Developer Reference for Intel® oneAPI Math Kernel Library for C

ID 766684
Date 3/22/2024
Public

A newer version of this document is available. Customers should click here to go to the newest version.

Document Table of Contents

Examples of Using OpenMP* Threading for FFT Computation

The following sample program shows how to employ internal OpenMP* threading in Intel® oneAPI Math Kernel Library (oneMKL) for FFT computation.

To specify the number of threads inside Intel® oneAPI Math Kernel Library (oneMKL), use the following settings:

set MKL_NUM_THREADS = 1 for one-threaded mode;

set MKL_NUM_THREADS = 4 for multi-threaded mode.

Using oneMKL Internal Threading Mode (C Example)

 
/* C99 example */
#include "mkl_dfti.h"

float data[200][100];
DFTI_DESCRIPTOR_HANDLE fft = NULL;
MKL_LONG dim_sizes[2] = {200, 100};

/* ...put values into data[i][j] 0<=i<=199, 0<=j<=99 */

DftiCreateDescriptor(&fft, DFTI_SINGLE, DFTI_REAL, 2, dim_sizes);
DftiCommitDescriptor(fft);
DftiComputeForward(fft, data);
DftiFreeDescriptor(&fft);
 

The following Example “Using Parallel Mode with Multiple Descriptors Initialized in a Parallel Region” and Example “Using Parallel Mode with Multiple Descriptors Initialized in One Thread” illustrate a parallel customer program with each descriptor instance used only in a single thread.

Specify the number of OpenMP threads for Example “Using Parallel Mode with Multiple Descriptors Initialized in a Parallel Region” like this:

set MKL_NUM_THREADS = 1 for Intel® oneAPI Math Kernel Library (oneMKL) to work in the single-threaded mode (recommended);

set OMP_NUM_THREADS = 4 for the customer program to work in the multi-threaded mode.

Using Parallel Mode with Multiple Descriptors Initialized in a Parallel Region

Note that in this example, the program can be transformed to become single-threaded at the customer level but using parallel mode within Intel® oneAPI Math Kernel Library (oneMKL).
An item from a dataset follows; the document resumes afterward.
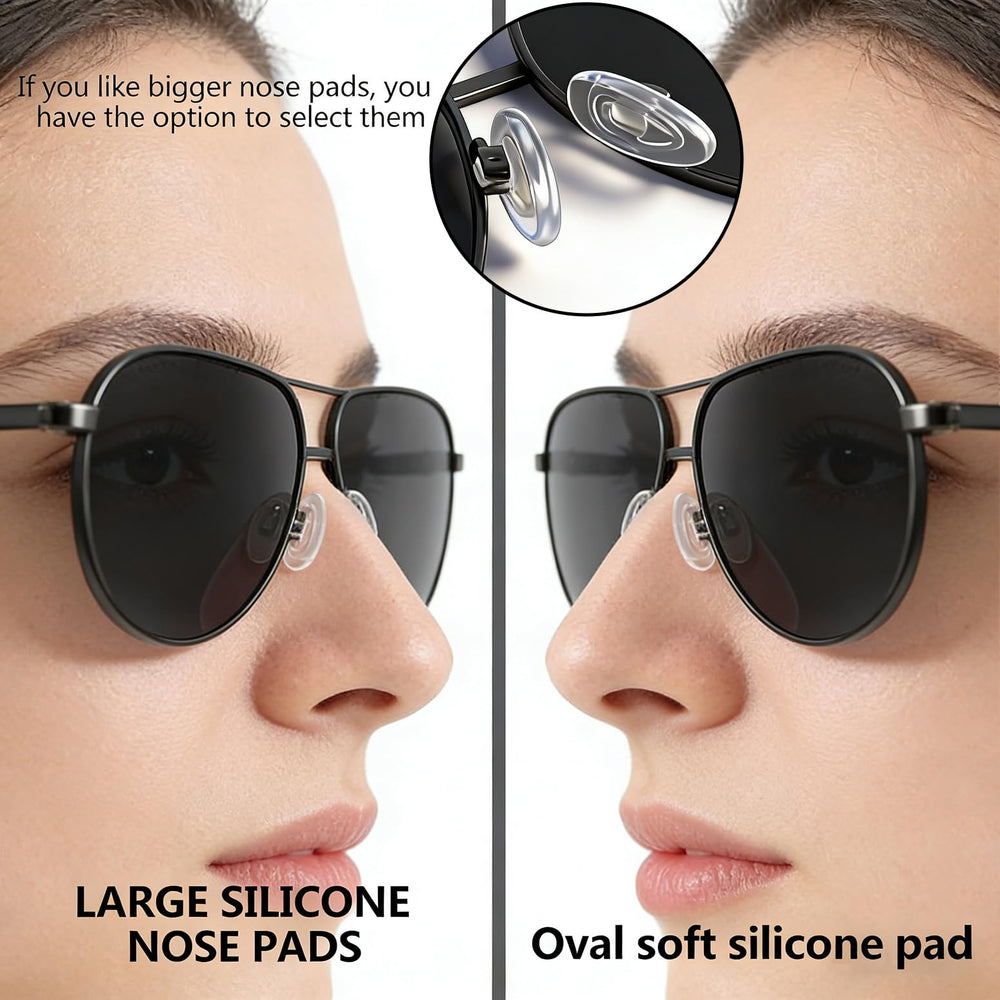 PFDHQS gafas puestas en persona mostrando confort prolongado con repuestos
To achieve this, you must set the parameter DFTI_NUMBER_OF_TRANSFORMS = 4 and to set the corresponding parameter DFTI_INPUT_DISTANCE = 5000.

/* C99 example */
#include "mkl_dfti.h"
#include <omp.h>
#define ARRAY_LEN(a) sizeof(a)/sizeof(a[0])

// 4 OMP threads, each does 2D FFT 50x100 points
MKL_Complex8 data[4][50][100];
int nth = ARRAY_LEN(data);
MKL_LONG dim_sizes[2] = {
    ARRAY_LEN(data[0]),
    ARRAY_LEN(data[0][0])
};  /* {50, 100} */
int th;

/* ...put values into data[i][j][k] 0<=i<=3, 0<=j<=49, 0<=k<=99 */

// assume data is initialized and do 2D FFTs
#pragma omp parallel for shared(dim_sizes, data)
for (th = 0; th < nth; ++th)
{
    DFTI_DESCRIPTOR_HANDLE myFFT = NULL;

    DftiCreateDescriptor(&myFFT, DFTI_SINGLE, DFTI_COMPLEX, 2, dim_sizes);
    DftiCommitDescriptor(myFFT);
    DftiComputeForward(myFFT, data[th]);
    DftiFreeDescriptor(&myFFT);
}

Specify the number of OpenMP threads for Example “Using Parallel Mode with Multiple Descriptors Initialized in One Thread” like this:

set MKL_NUM_THREADS = 1 for Intel® oneAPI Math Kernel Library (oneMKL) to work in the single-threaded mode (obligatory);

set OMP_NUM_THREADS = 4 for the customer program to work in the multi-threaded mode.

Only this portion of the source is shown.